8 thoughts on “Forbes Post, “The Social Security Trust Fund Is Real – But So What?”

  1. This is a very confusing subject thanks to FDR’s selling the program to Americans by creating the term ‘trust fund’ to comfort fears. As you indicate, there is no separate pot of money here but just promises from the government, which are just as valid as a Treasury note’s promise to pay. Both based on the creditworthiness of the U.S.A.
    What I object to is the use of the terms ‘insolvent’ or ‘bankrupt ‘ when the paper accounting for accumulated payroll tax inflow becomes less than the paper accounting for SSN outflows. Since the left hand of the government can always borrow to fund the right hand, there can be no such thing as insolvency.

  2. A government bond is merely a promise by the government to collect money from future tax payers. The Social Security trust fund is government bonds. Without the power of the government to collect taxes it would be the same as nothing.

  3. Have searched for a while but have never found the Social Security Administration’s definition of a “Trust”. Hoping for commentary on this site when convenient…

  4. The entire discussion is intellectually dishonest except for the admission that one choice is to increase the tax All that has to be done is to increase the tax. All you have to do is look at the solvency of the Railroad Retirement Fund and see how it is maintained.
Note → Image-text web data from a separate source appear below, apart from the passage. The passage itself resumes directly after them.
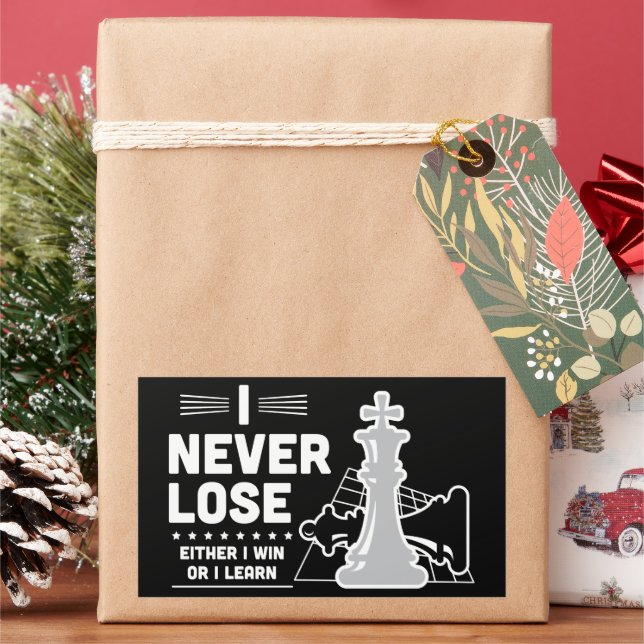 Motivational Never Lose Chess Quote  Rectangular Sticker (Holiday)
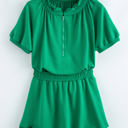 Sea Green XL Laylani Puff Sleeve Top and Ruffled Shorts Set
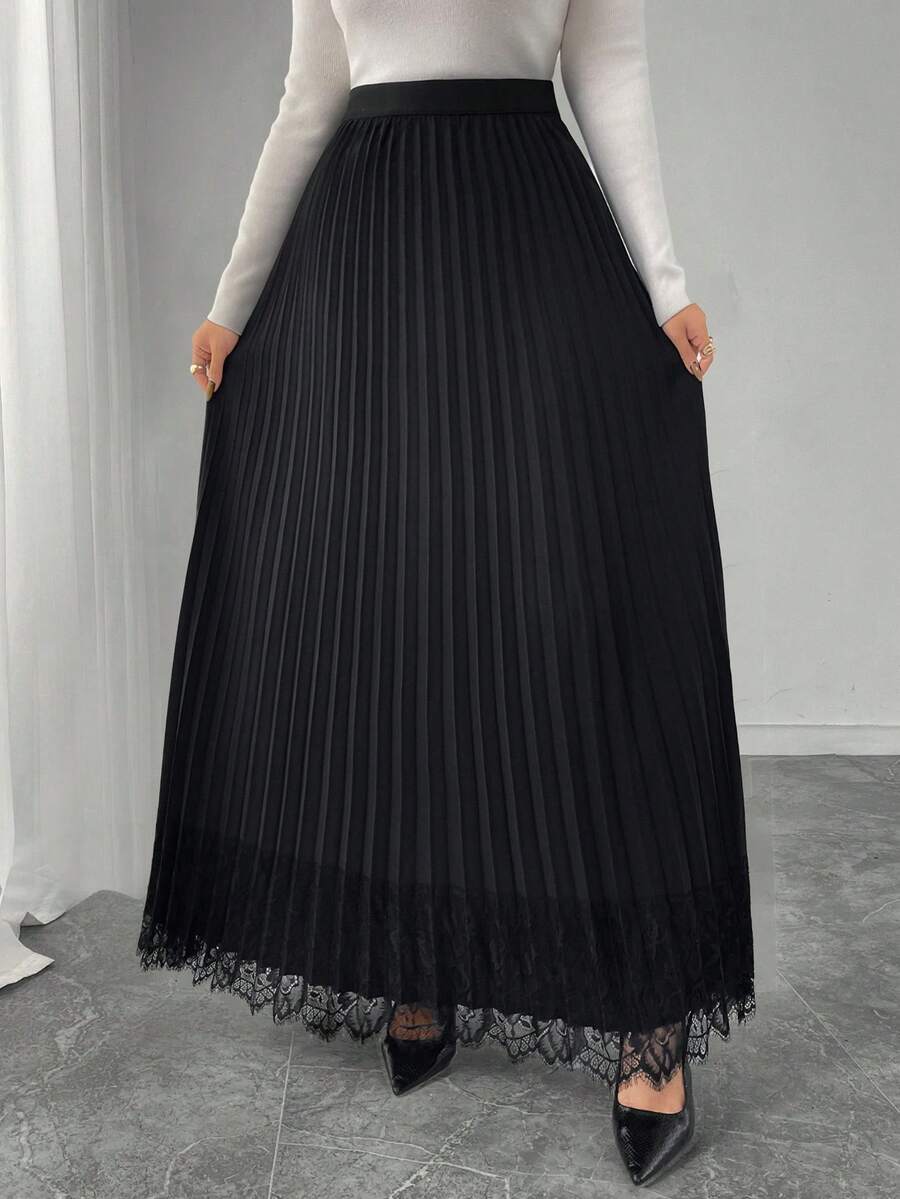 Modelyn Women's Elastic Waist Pleated Lace Patchwork Versatile Elegant Solid Color Skirt - Black - View 1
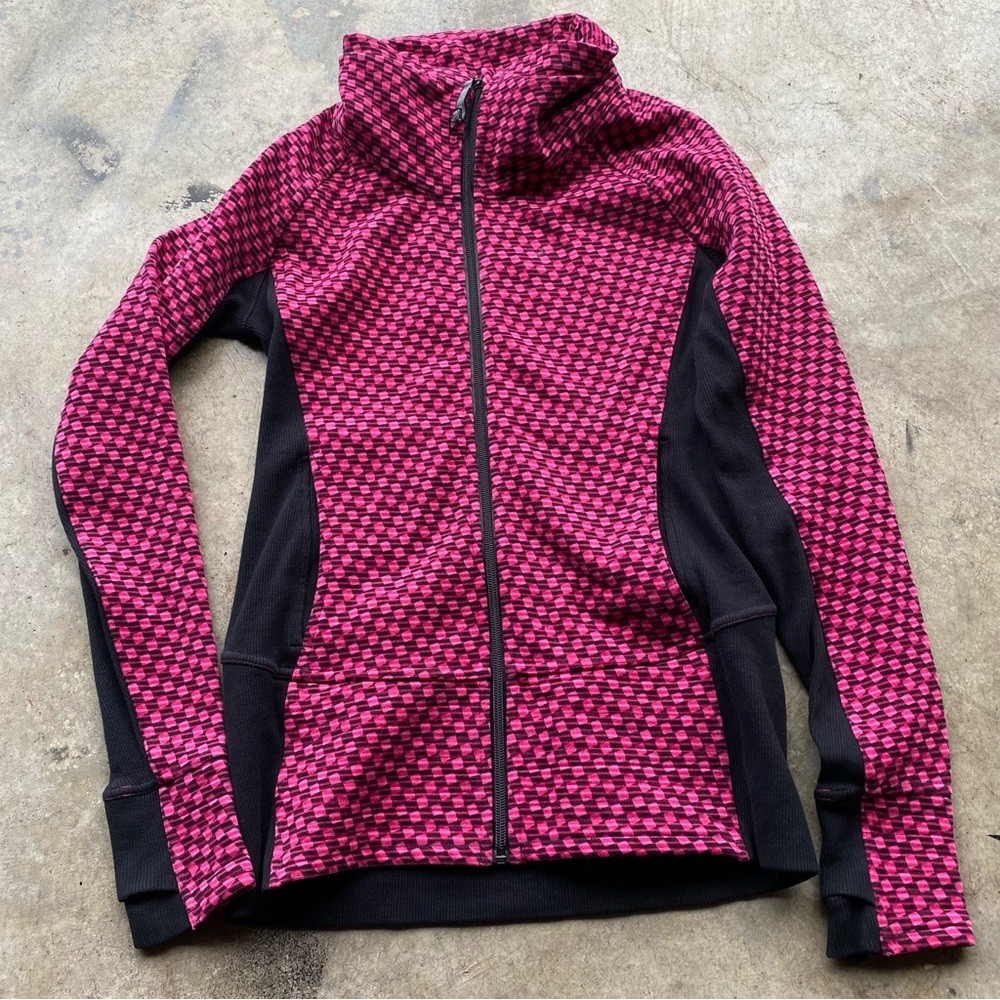Lululemon Radiant Athletic Jacket Women 2 Deep Dive Berry Pink Black Athleisure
Why doesn’t it increase: because business petitions congress not to raise the rates. INCREASE THE TAX.

  5. I think we need to let in immigrants, lots of them. This would help solve the issue of a large aging population (even after the baby boomers) being supported by a smaller group of young people.

  6. Jane, SSN has always run cashflow positive, putting money into the “trust fund”. As you say it went negative in the 1980s until they adjusted it, and just a few years ago it was getting close again. We know the trust fund (aka “lock box!”) theoretically contains trillions, but two questions (a) where are we today on cashflow, and (b) are we really going to be able to get anything back out of the trust fund? Thanks.

  7. I think that you ignore the point when you say that it is “real” because it is backed by the Federal Government or that we wouldn’t blink an eye if a private pension held government bonds. The real issue is not whether or not the money in the trust fund will be redeemed, the real issue is that it can only be redeemed by an increase in taxes or more borrowing. The government is spending the money that would be in the trust fund on other things and promising to pay it back in the future, but the only way to do that is more taxes. This is an enormous issue, it can’t be hand waved away by “yeah it’s technically real so don’t worry about it” or saying that the issue is the idea of the trust fund.

  8. I am retired and collecting s.s. benefits. I want a small chunk of the s.s. trust fund, to pay off my house. How do I get it?